**Records for the exercise**

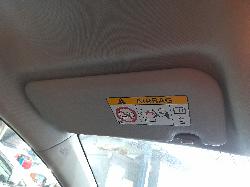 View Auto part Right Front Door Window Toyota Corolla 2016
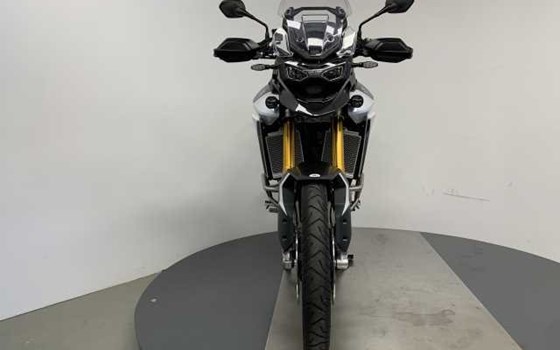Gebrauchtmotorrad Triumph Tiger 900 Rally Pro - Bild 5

--

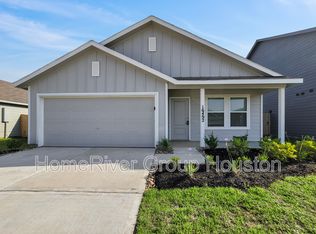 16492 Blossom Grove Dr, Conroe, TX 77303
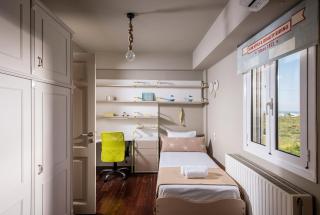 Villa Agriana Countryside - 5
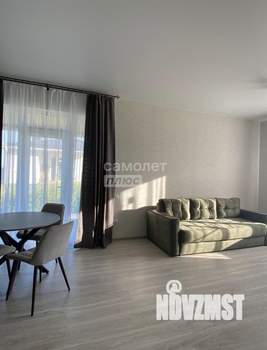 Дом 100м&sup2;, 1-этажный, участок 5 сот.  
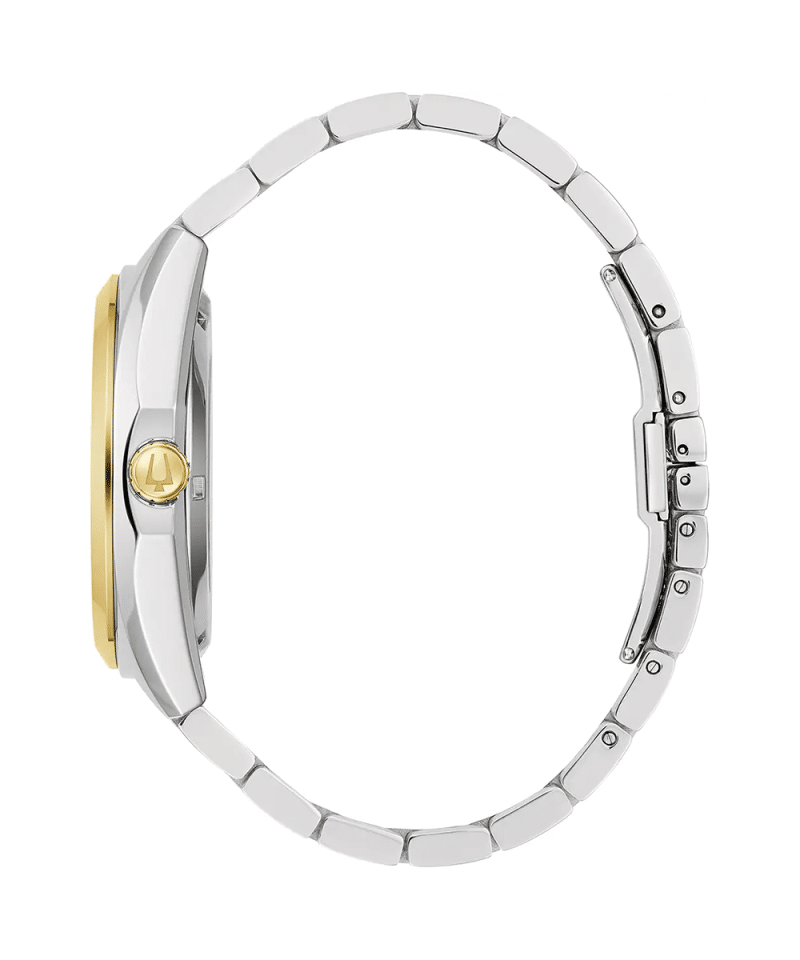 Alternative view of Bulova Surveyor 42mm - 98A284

**Work instructions**
Only the lines starting at the one that includes "Дом 100м&sup2;, 1-этажный, участок 5 сот." and ending at the one that includes "Alternative view of" should be retyped, exactly, from the records above; no pictures.

**Task solution**
 Дом 100м&sup2;, 1-этажный, участок 5 сот.  
 Alternative view of Bulova Surveyor 42mm - 98A284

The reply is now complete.